=== ACTIVITY ===
For the records that follow, give the number of lines containing the word "inside", with no added text.

Start of THE INPUT

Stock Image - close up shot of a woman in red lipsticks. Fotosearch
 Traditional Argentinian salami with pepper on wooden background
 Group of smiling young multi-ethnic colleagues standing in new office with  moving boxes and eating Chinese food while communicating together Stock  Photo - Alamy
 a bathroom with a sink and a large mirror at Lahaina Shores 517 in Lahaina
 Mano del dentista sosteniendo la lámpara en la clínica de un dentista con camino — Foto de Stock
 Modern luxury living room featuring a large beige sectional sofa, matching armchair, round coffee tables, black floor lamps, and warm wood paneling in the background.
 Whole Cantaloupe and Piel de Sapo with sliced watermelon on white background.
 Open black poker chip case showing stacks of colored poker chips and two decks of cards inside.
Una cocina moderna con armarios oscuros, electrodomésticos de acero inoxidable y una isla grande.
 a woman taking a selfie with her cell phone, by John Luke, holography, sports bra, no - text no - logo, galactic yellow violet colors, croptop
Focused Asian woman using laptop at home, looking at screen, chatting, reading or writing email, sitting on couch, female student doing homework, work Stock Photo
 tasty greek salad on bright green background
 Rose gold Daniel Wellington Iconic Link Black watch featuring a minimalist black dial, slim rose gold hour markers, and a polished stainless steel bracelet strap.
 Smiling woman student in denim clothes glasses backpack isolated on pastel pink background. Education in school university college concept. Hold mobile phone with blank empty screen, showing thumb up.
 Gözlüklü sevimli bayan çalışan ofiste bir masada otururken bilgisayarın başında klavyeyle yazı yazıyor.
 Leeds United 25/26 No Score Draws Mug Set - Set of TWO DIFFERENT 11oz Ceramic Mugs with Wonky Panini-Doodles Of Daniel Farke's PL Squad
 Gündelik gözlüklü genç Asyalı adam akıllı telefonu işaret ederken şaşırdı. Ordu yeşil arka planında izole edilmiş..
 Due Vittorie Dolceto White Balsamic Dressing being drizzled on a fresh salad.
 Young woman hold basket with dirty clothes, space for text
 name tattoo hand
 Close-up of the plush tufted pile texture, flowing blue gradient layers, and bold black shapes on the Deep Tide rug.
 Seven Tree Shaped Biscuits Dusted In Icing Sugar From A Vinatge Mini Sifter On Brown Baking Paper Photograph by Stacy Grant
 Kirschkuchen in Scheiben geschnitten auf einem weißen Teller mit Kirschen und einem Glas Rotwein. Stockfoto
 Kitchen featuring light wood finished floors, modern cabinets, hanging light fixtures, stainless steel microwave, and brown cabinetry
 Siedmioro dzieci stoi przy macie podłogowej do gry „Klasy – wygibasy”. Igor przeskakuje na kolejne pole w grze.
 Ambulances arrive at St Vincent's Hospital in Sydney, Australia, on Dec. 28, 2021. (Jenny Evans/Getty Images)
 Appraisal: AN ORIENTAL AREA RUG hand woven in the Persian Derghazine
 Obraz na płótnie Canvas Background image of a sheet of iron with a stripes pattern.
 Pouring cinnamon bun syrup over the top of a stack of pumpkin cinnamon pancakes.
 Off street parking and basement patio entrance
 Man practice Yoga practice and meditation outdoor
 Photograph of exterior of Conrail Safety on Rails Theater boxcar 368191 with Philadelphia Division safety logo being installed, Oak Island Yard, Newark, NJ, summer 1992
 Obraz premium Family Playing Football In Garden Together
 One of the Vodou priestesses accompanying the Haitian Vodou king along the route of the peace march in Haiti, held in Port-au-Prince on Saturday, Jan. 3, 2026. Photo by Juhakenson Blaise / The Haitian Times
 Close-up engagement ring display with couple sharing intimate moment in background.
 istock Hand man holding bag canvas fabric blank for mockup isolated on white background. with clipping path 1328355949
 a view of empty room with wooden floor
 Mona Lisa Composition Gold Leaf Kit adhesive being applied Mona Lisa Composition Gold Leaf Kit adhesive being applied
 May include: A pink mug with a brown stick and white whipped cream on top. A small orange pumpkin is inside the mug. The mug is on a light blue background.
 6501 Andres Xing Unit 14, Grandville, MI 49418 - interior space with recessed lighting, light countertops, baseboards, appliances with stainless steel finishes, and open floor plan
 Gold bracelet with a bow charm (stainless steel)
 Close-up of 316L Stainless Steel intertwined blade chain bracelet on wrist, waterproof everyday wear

End of THE INPUT

=== TASK ANSWER ===
2